[Records for processing — start]

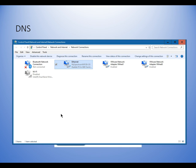I think we've now covered about half of the networking objectives for the A+ 902 test. Thank you for watching, and I hope this has been useful.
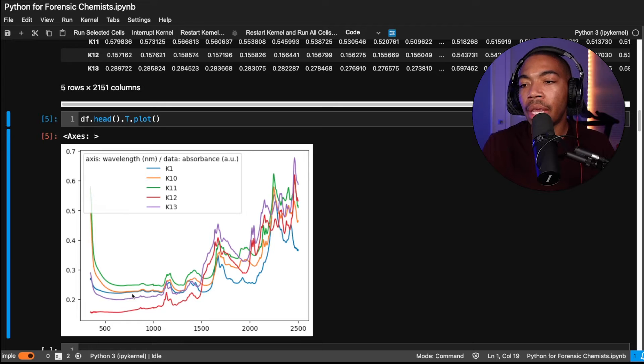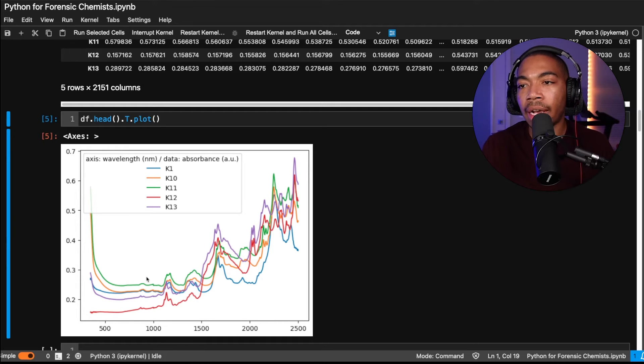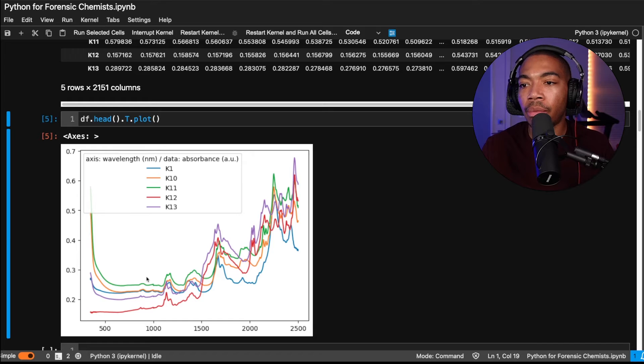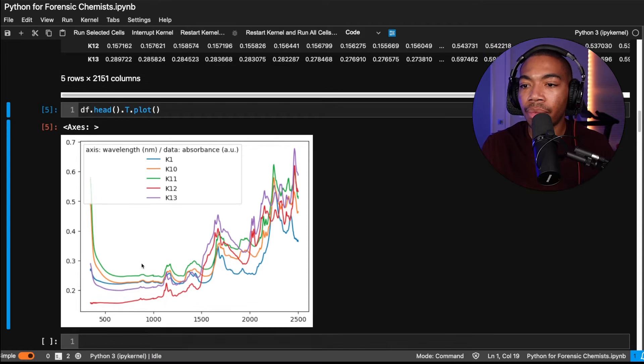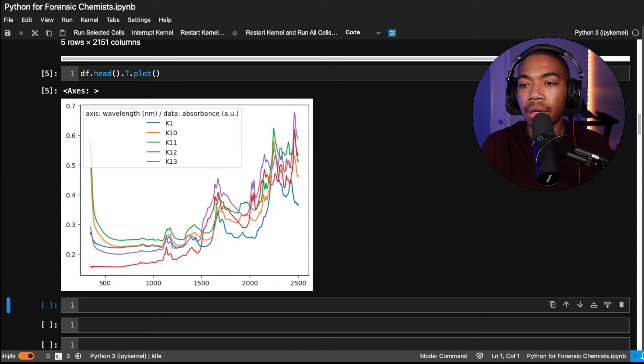We see that we have different absorbance values, which may or may not be due to the actual changes in chemical composition, but again, could be due to other experimental artifacts that we want to control before we do even more advanced processing.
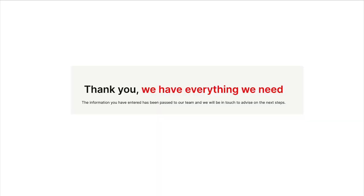When you have completed the form you should see a thank you message. If you have any questions you can contact us using the website contact us page. Thanks.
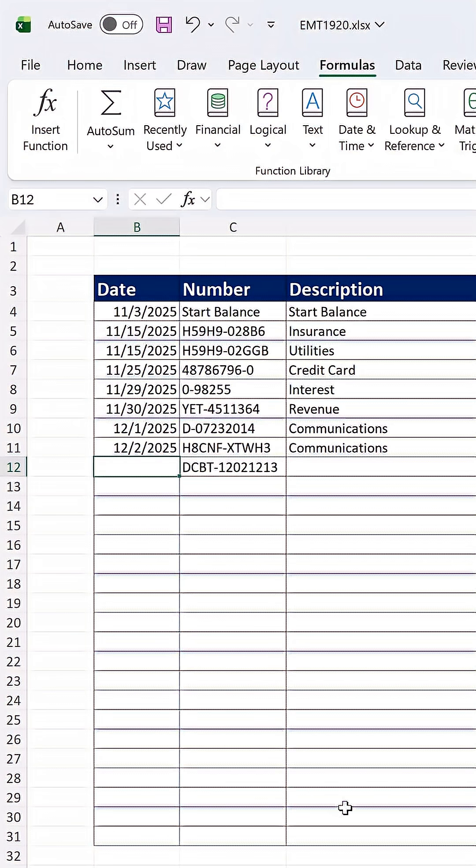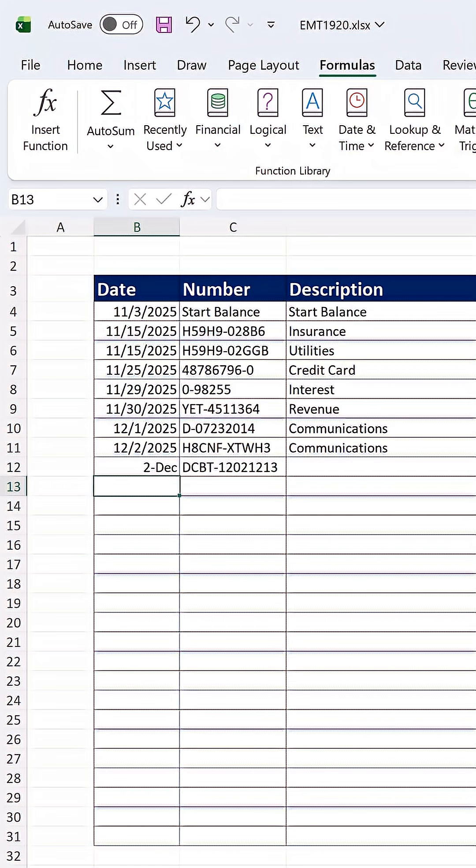I have a template here that I've created, and I want to enter a date. 12 slash 2, and when I hit Enter, uh-oh, the date number format isn't the same in the bottom as in the top.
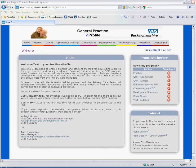This tutorial covers the practice page. From the home page, go to the practice tab along the navigation bar.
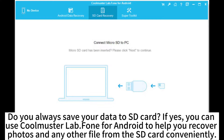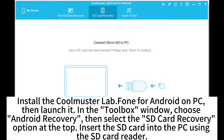Do you always save your data to SD card? If yes, you can use Coolmaster Lab phone for Android to help you recover photos and any other file from the SD card conveniently. Install the Coolmaster Lab phone for Android on PC.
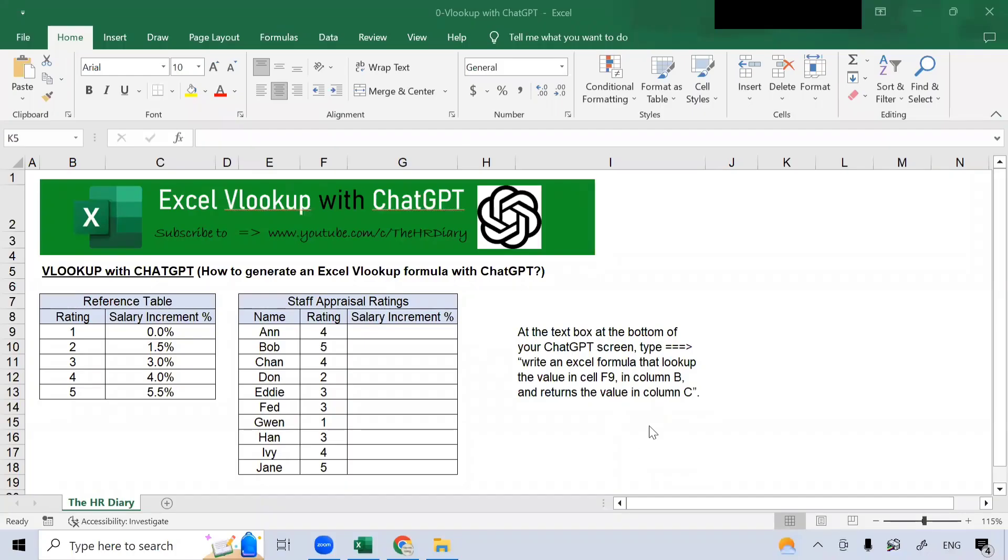Hello. Welcome to the HR Diary. Today, I'm going to show you how to generate an Excel VLOOKUP formula with ChatGPT.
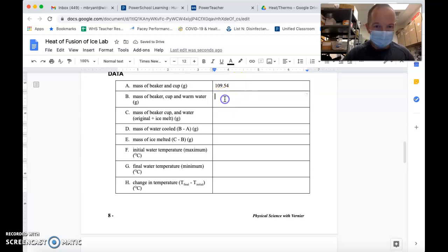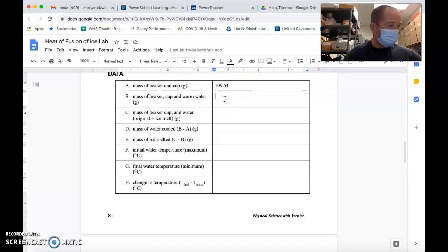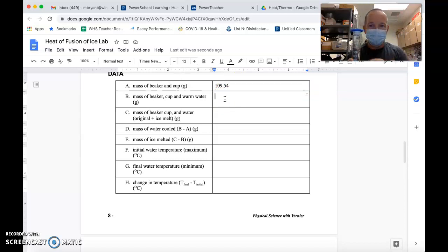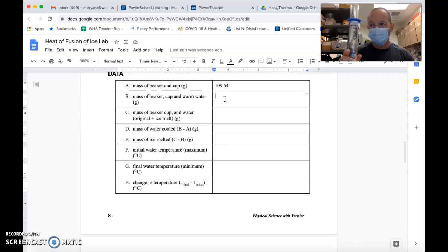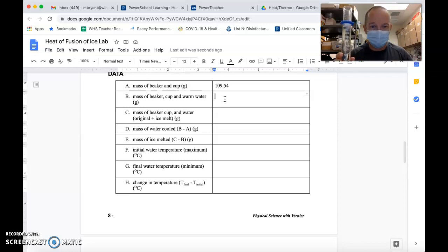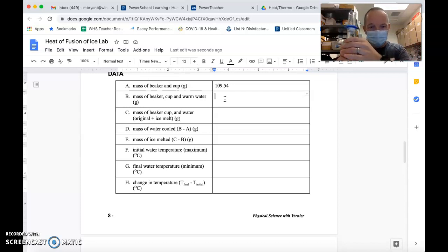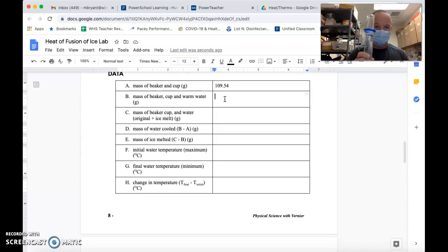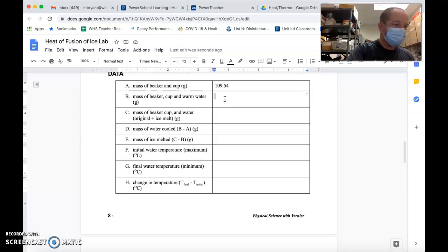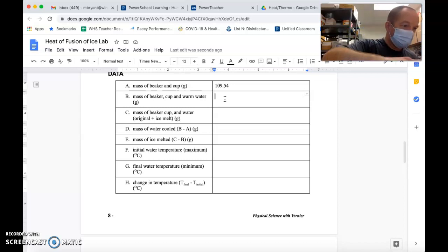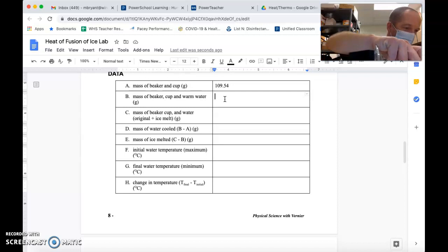Now, I have this graduated cylinder full of about 100 milliliters of warm water. Basically I just ran the hot water under the tap and put this in. I'm going to go ahead and add this to the beaker, to my styrofoam cup and the beaker.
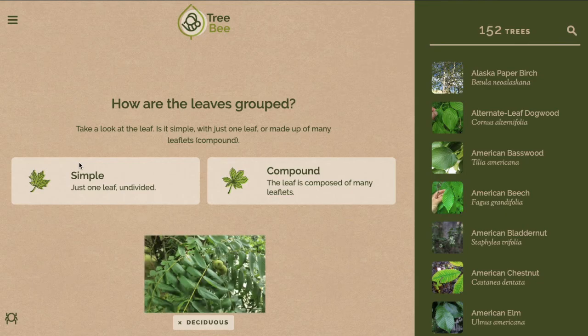For this option you can see that the leaves on the tree are made up of many smaller leaflets, so I will choose compound.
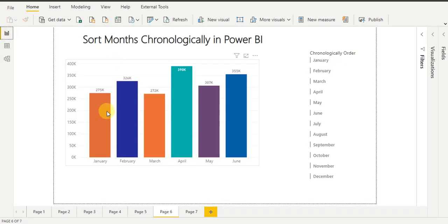You can see that the month names are now sorted chronologically in the visuals. I hope you understand how to sort month names chronologically in Power BI visuals. Thank you guys.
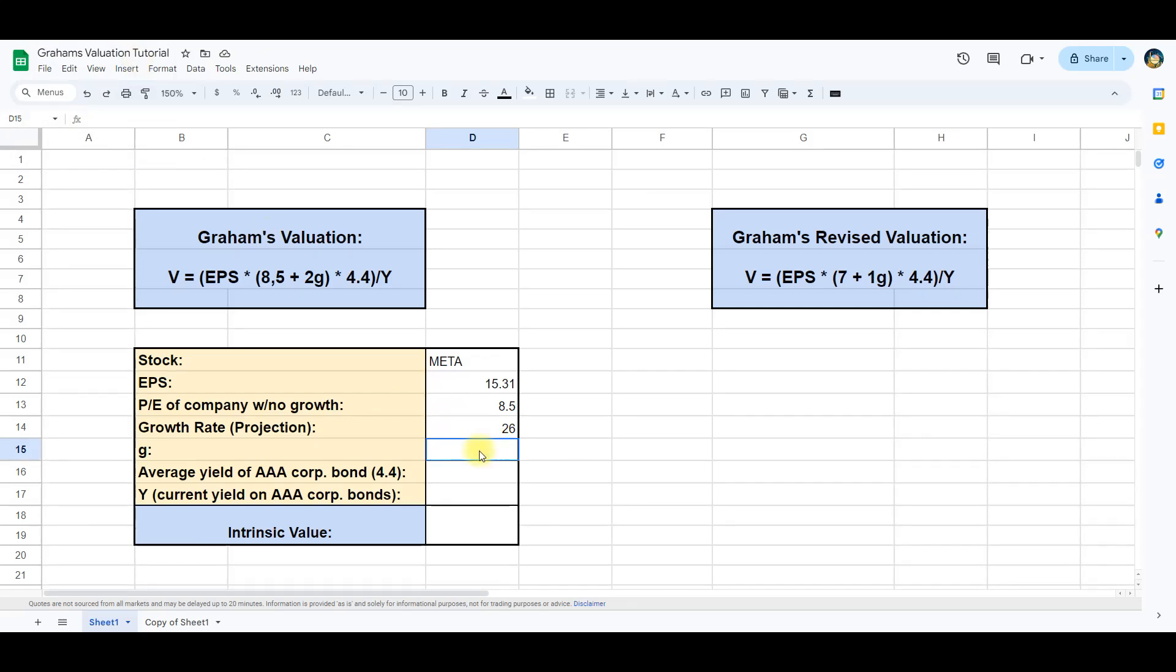The next is G, that in Graham's valuation is set to 2. Then we have the mean yield of a triple A bond. The historic average value of this is 4.4, which we will add to the cell.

[Records for processing — finish]

Task: Please extract exactly the lines of the data, from the first through the line containing "For this option", and add no pictures to the copy.

Task output:
I think we've now covered about half of the networking objectives for the A+ 902 test. Thank you for watching, and I hope this has been useful.
We see that we have different absorbance values, which may or may not be due to the actual changes in chemical composition, but again, could be due to other experimental artifacts that we want to control before we do even more advanced processing.
When you have completed the form you should see a thank you message. If you have any questions you can contact us using the website contact us page. Thanks.
I have a template here that I've created, and I want to enter a date. 12 slash 2, and when I hit Enter, uh-oh, the date number format isn't the same in the bottom as in the top.
This tutorial covers the practice page. From the home page, go to the practice tab along the navigation bar.
Do you always save your data to SD card? If yes, you can use Coolmaster Lab phone for Android to help you recover photos and any other file from the SD card conveniently. Install the Coolmaster Lab phone for Android on PC.
Hello. Welcome to the HR Diary. Today, I'm going to show you how to generate an Excel VLOOKUP formula with ChatGPT.
Now, I have this graduated cylinder full of about 100 milliliters of warm water. Basically I just ran the hot water under the tap and put this in. I'm going to go ahead and add this to the beaker, to my styrofoam cup and the beaker.
For this option you can see that the leaves on the tree are made up of many smaller leaflets, so I will choose compound.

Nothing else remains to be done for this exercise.